Task to complete >>
Once the line with "Durable Fire Extinguishing" is found in the entries below, print it and each following line exactly, stopping after the line with "Jeweloporium Grün Natürlich"; print nothing else.

Records from a collection >>
------------------------------------------------

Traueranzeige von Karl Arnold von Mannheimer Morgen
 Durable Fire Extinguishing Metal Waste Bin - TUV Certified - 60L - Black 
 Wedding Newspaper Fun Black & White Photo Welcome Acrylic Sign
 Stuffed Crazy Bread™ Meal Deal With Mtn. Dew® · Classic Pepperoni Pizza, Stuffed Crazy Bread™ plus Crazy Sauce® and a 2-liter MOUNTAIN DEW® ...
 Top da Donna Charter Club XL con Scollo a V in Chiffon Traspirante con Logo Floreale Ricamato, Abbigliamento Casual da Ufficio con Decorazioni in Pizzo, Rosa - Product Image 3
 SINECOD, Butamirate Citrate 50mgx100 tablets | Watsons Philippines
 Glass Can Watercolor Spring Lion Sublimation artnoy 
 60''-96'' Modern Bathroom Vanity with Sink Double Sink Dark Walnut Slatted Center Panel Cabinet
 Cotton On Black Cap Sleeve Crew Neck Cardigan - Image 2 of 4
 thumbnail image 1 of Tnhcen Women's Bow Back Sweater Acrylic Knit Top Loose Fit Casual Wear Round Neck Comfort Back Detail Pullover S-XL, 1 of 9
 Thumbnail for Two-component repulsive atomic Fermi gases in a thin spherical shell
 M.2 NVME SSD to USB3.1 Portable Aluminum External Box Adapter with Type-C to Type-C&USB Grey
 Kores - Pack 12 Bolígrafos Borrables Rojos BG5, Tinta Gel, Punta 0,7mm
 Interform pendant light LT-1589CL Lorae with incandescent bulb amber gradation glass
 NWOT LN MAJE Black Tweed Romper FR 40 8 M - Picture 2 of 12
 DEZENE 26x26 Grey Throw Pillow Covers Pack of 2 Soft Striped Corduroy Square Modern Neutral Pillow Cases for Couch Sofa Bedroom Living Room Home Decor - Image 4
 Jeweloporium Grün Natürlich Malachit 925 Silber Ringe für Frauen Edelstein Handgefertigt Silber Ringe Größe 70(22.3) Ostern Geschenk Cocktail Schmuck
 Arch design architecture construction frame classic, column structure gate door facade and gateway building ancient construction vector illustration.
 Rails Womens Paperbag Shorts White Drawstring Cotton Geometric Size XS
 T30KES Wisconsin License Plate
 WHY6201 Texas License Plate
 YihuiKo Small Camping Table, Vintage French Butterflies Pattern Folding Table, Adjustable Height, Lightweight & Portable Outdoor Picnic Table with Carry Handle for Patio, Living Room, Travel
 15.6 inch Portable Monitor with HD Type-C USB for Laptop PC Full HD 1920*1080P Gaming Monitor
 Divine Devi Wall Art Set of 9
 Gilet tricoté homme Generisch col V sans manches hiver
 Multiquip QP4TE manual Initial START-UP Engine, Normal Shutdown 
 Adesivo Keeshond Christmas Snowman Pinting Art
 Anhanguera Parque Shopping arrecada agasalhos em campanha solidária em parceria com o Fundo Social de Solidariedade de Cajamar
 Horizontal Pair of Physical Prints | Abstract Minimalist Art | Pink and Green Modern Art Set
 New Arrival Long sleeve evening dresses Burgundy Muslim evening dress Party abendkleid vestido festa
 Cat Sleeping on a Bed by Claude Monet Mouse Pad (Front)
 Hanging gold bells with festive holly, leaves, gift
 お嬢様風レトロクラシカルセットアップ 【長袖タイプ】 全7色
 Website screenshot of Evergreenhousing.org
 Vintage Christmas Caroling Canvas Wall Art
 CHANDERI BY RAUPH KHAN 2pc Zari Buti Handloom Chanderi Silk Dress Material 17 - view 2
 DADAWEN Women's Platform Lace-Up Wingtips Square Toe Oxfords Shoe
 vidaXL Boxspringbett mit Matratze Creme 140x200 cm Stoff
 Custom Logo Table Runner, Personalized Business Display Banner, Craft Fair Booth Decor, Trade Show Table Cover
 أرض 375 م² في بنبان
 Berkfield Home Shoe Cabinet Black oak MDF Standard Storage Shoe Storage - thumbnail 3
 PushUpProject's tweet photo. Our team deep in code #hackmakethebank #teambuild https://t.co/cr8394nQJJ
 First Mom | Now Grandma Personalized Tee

------------------------------------------------

Answer to the problem >>
 Durable Fire Extinguishing Metal Waste Bin - TUV Certified - 60L - Black 
 Wedding Newspaper Fun Black & White Photo Welcome Acrylic Sign
 Stuffed Crazy Bread™ Meal Deal With Mtn. Dew® · Classic Pepperoni Pizza, Stuffed Crazy Bread™ plus Crazy Sauce® and a 2-liter MOUNTAIN DEW® ...
 Top da Donna Charter Club XL con Scollo a V in Chiffon Traspirante con Logo Floreale Ricamato, Abbigliamento Casual da Ufficio con Decorazioni in Pizzo, Rosa - Product Image 3
 SINECOD, Butamirate Citrate 50mgx100 tablets | Watsons Philippines
 Glass Can Watercolor Spring Lion Sublimation artnoy 
 60''-96'' Modern Bathroom Vanity with Sink Double Sink Dark Walnut Slatted Center Panel Cabinet
 Cotton On Black Cap Sleeve Crew Neck Cardigan - Image 2 of 4
 thumbnail image 1 of Tnhcen Women's Bow Back Sweater Acrylic Knit Top Loose Fit Casual Wear Round Neck Comfort Back Detail Pullover S-XL, 1 of 9
 Thumbnail for Two-component repulsive atomic Fermi gases in a thin spherical shell
 M.2 NVME SSD to USB3.1 Portable Aluminum External Box Adapter with Type-C to Type-C&USB Grey
 Kores - Pack 12 Bolígrafos Borrables Rojos BG5, Tinta Gel, Punta 0,7mm
 Interform pendant light LT-1589CL Lorae with incandescent bulb amber gradation glass
 NWOT LN MAJE Black Tweed Romper FR 40 8 M - Picture 2 of 12
 DEZENE 26x26 Grey Throw Pillow Covers Pack of 2 Soft Striped Corduroy Square Modern Neutral Pillow Cases for Couch Sofa Bedroom Living Room Home Decor - Image 4
 Jeweloporium Grün Natürlich Malachit 925 Silber Ringe für Frauen Edelstein Handgefertigt Silber Ringe Größe 70(22.3) Ostern Geschenk Cocktail Schmuck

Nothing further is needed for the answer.